Dissipative Solitons for Mode-locked Fiber Lasers

Ph. Grelu(1), S. Chouli(1), J.M. Soto-Crespo(2), W. Chang(3), A. Ankiewicz(4), N. Akhmediev(4) (1) Laboratoire Interdisciplinaire Carnot de Bourgogne, UMR 5209 CNRS

Université de Bourgogne – 9 avenue Savary 21000 Dijon France (2) Instituto de Óptica, C.S.I.C., Serrano 121, 28006 Madrid, Spain

(3) Max-Planck Institute for the Science of Light, Guenther-Scharowsky Str. 1/24, D-91058 Erlangen, Germany (4) Optical Sciences Group, Research School of Physics and Engineering,

The Australian National University, Canberra, ACT 0200, Australia

Abstract- The concept of a dissipative optical soliton is applied to interpret various pulse dynamics either predicted numerically or observed experimentally in passively mode-locked fiber lasers. The recently discovered “dissipative soliton resonance” phenomenon and “soliton rain” dynamics are highlighted as prominent examples.

I. INTRODUCTION

For the past few years, the use of the dissipative soliton terminology has been rapidly expanding in many fields of nonlinear optics [1]. In particular, it has become widely used to interpret a variety of mode-locked fiber laser dynamics [2]. In contrast to conventional solitons that manifest in conservative systems, such as in passive nonlinear transmission lines, dissipative solitons are robust, fixed-shaped pulse solutions in general. Since their pulse shape is dictated by the parameter set of the optical system, dissipative solitons provide an interesting framework for numerous applications where gain and loss mechanisms apply, such as mode-locked fiber lasers and optical regeneration. The concept of a dissipative soliton can be applied to explain or reinterpret a variety of pulse dynamics that have been observed experimentally in mode-locked fiber lasers, such as the existence of stable bright pulses in the normal dispersion regime [3,4], and the formation of stable soliton molecules or bound states [5-7]. The situation of large sets of interacting solitons inside the laser cavity, which often goes beyond the capacity of existing numerical models, can also be addressed qualitatively [8-10]. Complex and remarkable multi-soliton dynamics can be illustrated by the recently discovered soliton rain dynamics in a fiber laser experiment [11,12]. On the side of single-pulse dynamics, the dissipative soliton resonance phenomenon has attracted much attention over the past couple of years, providing an alternative theoretical framework for the quest of the highest-energy pulses produced out of mode-locked laser oscillators [13-18].

II. SOLITON RAINS

The soliton rain dynamics is a striking illustration of self-organization among large numbers of solitons and radiation. We have observed it in a fiber laser operated in a highly pumped but weakly mode-locked regime, when both soliton pulses and cw background coexist [11,12]. Soliton rains are obviously a manifestation of dissipative nonlinear dynamics. It is characterized by the interactions among three main field

components. The first component is a condensed soliton phase of several tens of jittering bound solitons that seems analogous to a liquid thermodynamical phase. Just as a liquid would evaporate, the condensed phase emits a large amount of radiation, which is also superimposed on other preexisting cw modes, producing a noisy, inhomogeneous background, the second field component. When fluctuations exceed a certain level, a new soliton is formed, like a droplet formed from a vapor cloud, which then drifts back to the condensed phase at a nearly constant relative velocity – third field component. The whole scenario repeats in a quasi-stationary fashion. In addition to interesting analogies with the cycle of water, the soliton rain dynamics addresses the largely unexplored field of nonlinear dissipative dynamics in the case of large soliton manifolds, brings useful information in the context of mode-locking dynamics, and illustrates the diversity of operating regimes accessible in fiber lasers mode-locked through nonlinear polarization evolution.
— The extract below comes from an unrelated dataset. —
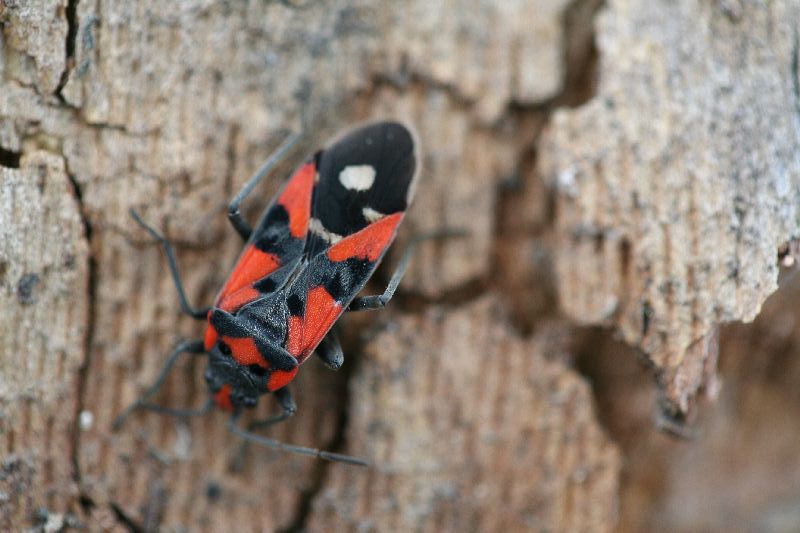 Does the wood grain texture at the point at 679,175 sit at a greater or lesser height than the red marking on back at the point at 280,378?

III. DISSIPATIVE SOLITON RESONANCES

There is an intense experimental research activity in developing high-energy single-pulse oscillators within passively mode-locked fiber laser technology. In essence, the current trend corresponds to incorporating the well-established concept of chirped-pulsed amplification inside the laser oscillator [19]. However, laser cavity design is not an obvious task since, unlike the use of an external amplifier, the input field at the amplifier section is not known in advance but results from a global dynamical balance of the various physical effects at play. Hence, it is useful to map the possible dynamics that can be found out of simple master equations for mode-locked lasers. Owing to its applicability to various mode-locked lasers schemes, the complex cubic-quintic Ginzburg-Landau equation (CGLE) is a master equation of choice [1-3,20].

During numerical explorations of dissipative soliton solutions in the parameter space of the CGLE, a certain region of the equation parameters was found where the energy of single pulses increased indefinitely whenever the equation parameter converged to this given region [13]. A set of parameters where the soliton energy diverges to infinity was called a Dissipative Soliton Resonance (DSR) [14]. We have extended numerical studies in the parameter space of the CGLE, in order to clearly demonstrate the existence of DSRs for both signs of chromatic dispersion

over a wide range of parameters [18]. The general pulse features in the vicinity of a DSR, which are common to both dispersion regimes and to all numerical observations of DSR reported so far, are summarized as follows: (i) the pulse energy diverges to infinity, (ii) the pulse shape becomes flat-topped due to the saturation of pulse amplitude, (iii) consequently, the pulse width diverges to infinity, and finally, (iv) in order for DSR to be distinct from a mere transition to a continuous wave, the spectral width remains finite and the pulse coherence remains.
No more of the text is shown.